Please print nothing but the lines from the one containing "Protector De Surto" to the final line below, exactly, and no pictures.

■ Records provided:
= = =
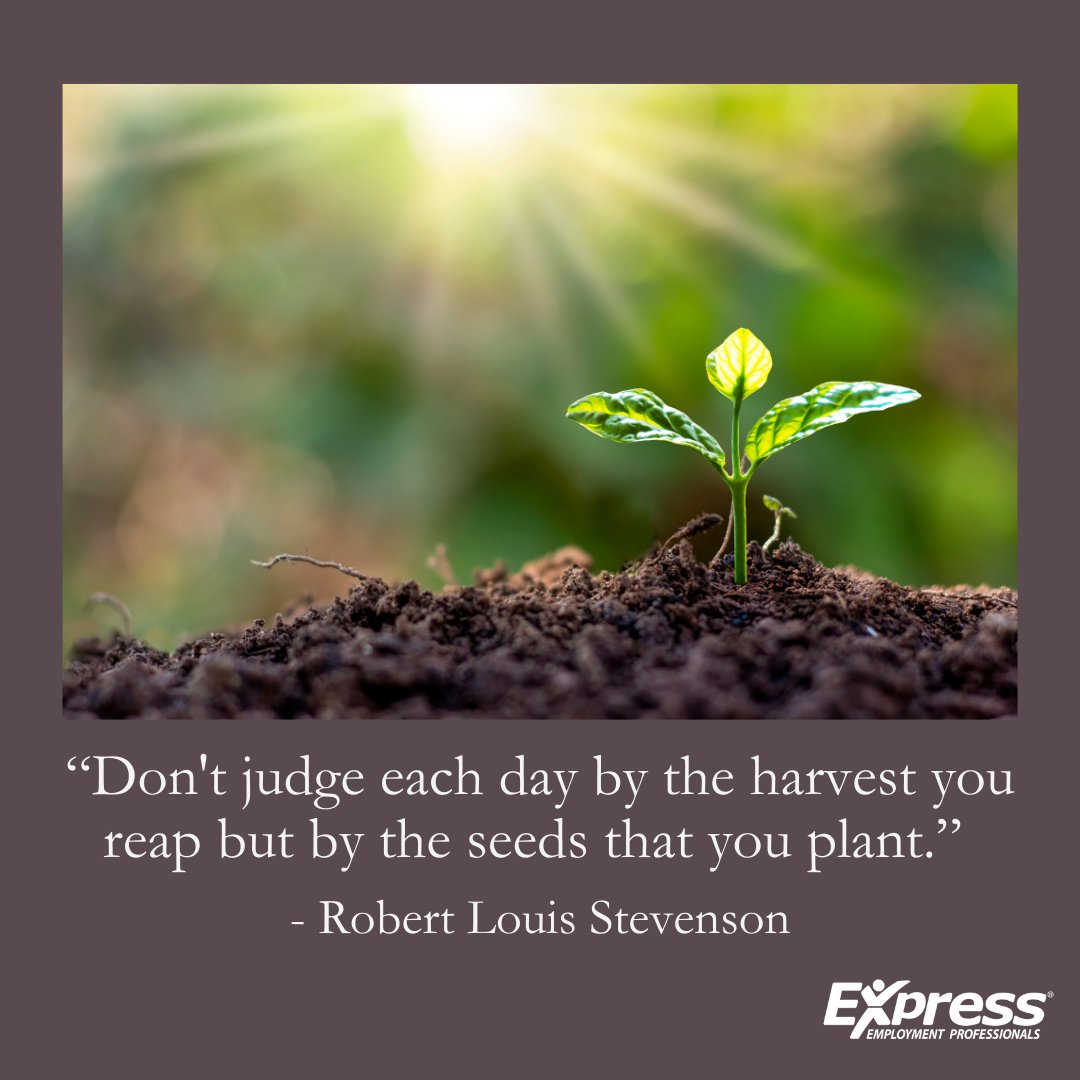 ExpressProsSCV's tweet image. Measure your days not by what you gain, but by the intentions you sow.

#MotivationMonday #ExpressPros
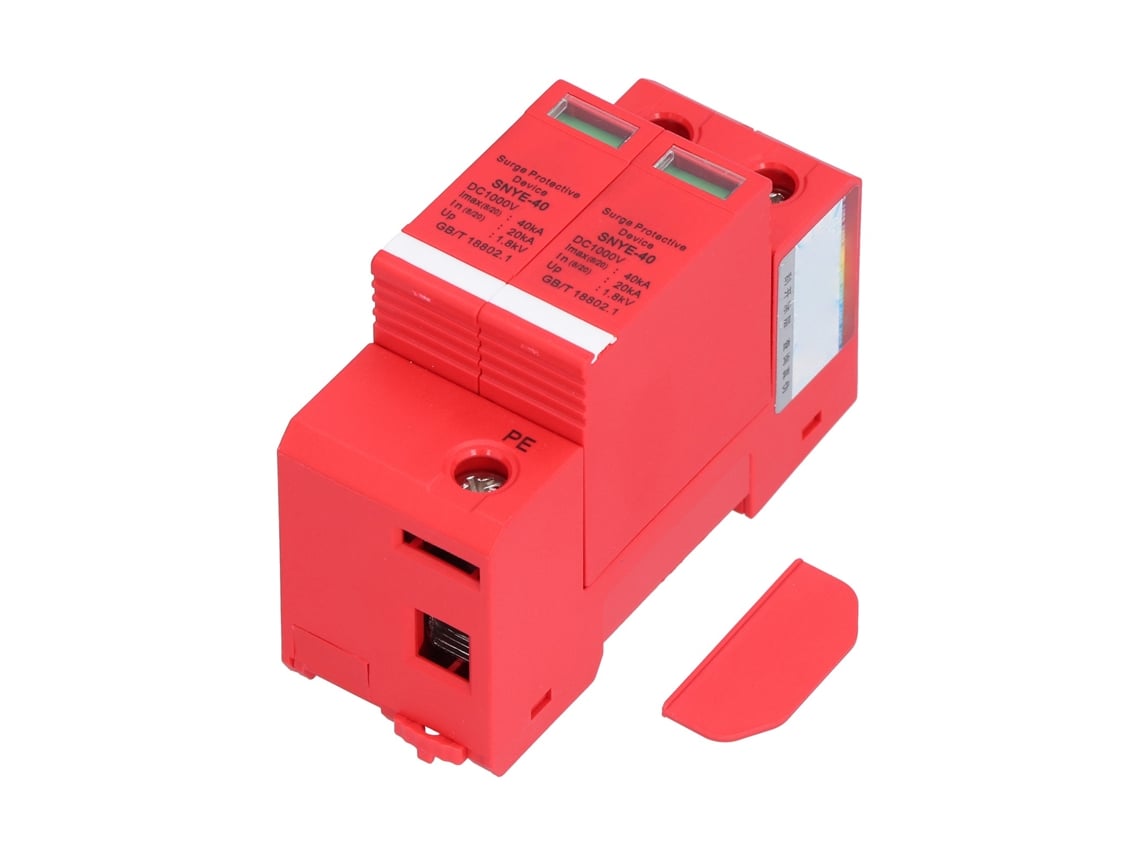 Protector De Surto Cc Fotovoltaico 2p Conectado À Rede Tensão Baixa Dc1000v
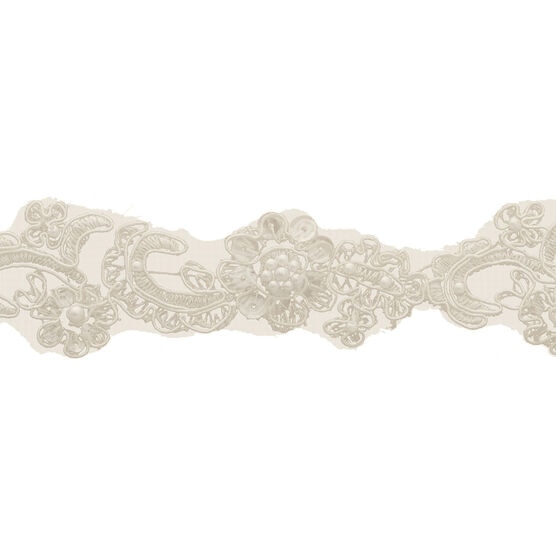 White Lace Ribbon Stock Illustration - Download Image Now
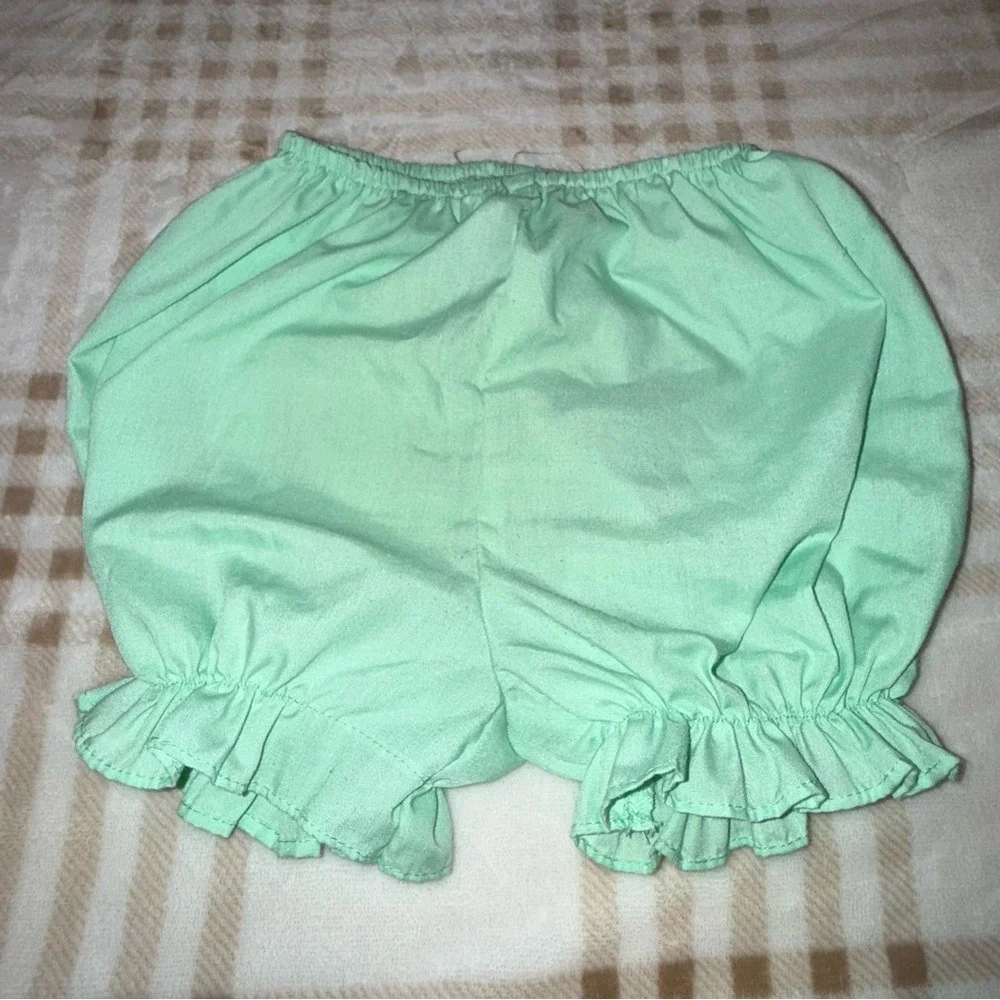 The Proper Peony Mint Green Floral Embroidered Dress and Bloomers Set 18M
= = =
■ Reply:
 Protector De Surto Cc Fotovoltaico 2p Conectado À Rede Tensão Baixa Dc1000v
 White Lace Ribbon Stock Illustration - Download Image Now
 The Proper Peony Mint Green Floral Embroidered Dress and Bloomers Set 18M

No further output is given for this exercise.